The Interview: Andrus Nichols
Conducted by Michael Raver
So…how about this? You graduate from undergrad and set out on a path to become a working actor. You go to auditions, you go to see plays. You meet people and end up forming a successful off-broadway theater company that goes to on to have a major cultural impact across the entire country.
For actress Andrus Nichols, this is all true. As actors go, she’s one of the most grounded that you’re likely to come across. Approaching her work as a gardener might tend to plants, she’s firm when it’s necessary, but thoughtful and pert are her emotional status quo. After co-founding Bedlam, the company that had a meteoric rise to become one of the most recognized names in American theater over the last few years, she found herself yearning for a sense of community in the industry that, frankly, simply was not there. Theater producing groups were always run by a singular entity, Artistic Directors ruling roosts, as it were. While there have been strides to make theatrical storytelling more inclusive, Nichols decided that there were things that needed to change on the ground level
Converging with a handful of likeminded artists, she went on to found The Coop, which touts a jungian ethos of ‘all parts,’ allowing all of its staff to have a voice in the development of the company. No one is taken for granted and no one is ignored.
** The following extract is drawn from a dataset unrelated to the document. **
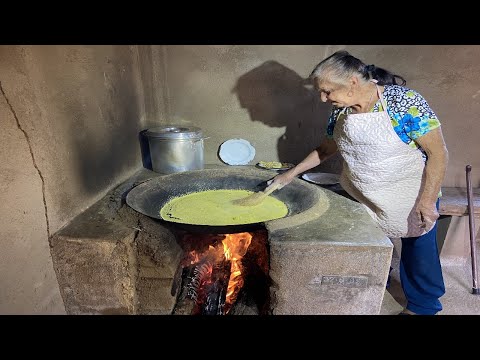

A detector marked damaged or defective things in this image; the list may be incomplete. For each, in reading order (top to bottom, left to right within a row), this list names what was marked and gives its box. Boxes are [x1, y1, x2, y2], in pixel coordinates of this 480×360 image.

crack in wall [0, 80, 51, 240]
“What I really want is to be part of an artistic community that gets wider and wider and values more voices as it grows” she says. “Collaboration with other generous creative people is one of the most rewarding things in the world.”
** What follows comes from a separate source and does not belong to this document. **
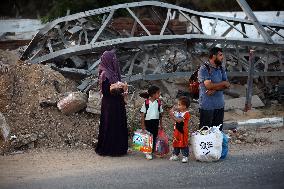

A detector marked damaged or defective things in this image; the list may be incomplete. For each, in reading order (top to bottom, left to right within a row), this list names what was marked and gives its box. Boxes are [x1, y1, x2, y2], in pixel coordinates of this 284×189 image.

broken concrete slab [225, 94, 266, 110]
The Coop’s first production, Barbara Hammond’s absurdist-apocalyptic Terra Firma, is but one movement in what promises to be a potent sea change in the theater industry. Nichols is doing double duty, launching the company, while playing the role of a character simply named “The Queen.”
How did this play come to you?
Andrus Nichols: In 2013, I was doing St Joan with Bedlam and Barbara came to see it. She sent me this play right after the recent presidential election. When The Coop was born, it seemed like a really bold, brave piece to lead with.
What excited you about it?
AN: I’ve never done a play like this before. I’ve done very little comedy, actually. People don’t write plays like this. Reading it was similar to the experience of reading Waiting for Godot. I found myself laughing and crying at the same time. It was delicious. There were parallels of The Queen trying to get the constitution written, figuring out how to organize a group of people, and legitimizing a new nation. There’s something really fun about getting to play that, while actually trying to, for the company, write best practices and policies and figuring out how to lead this group of people.
Which parallels your role in the play.
AN: Energetically and emotionally, yeah, in that you’re taking a great risk in producing a play like this…while fundraising and trying to put together a board and a staff.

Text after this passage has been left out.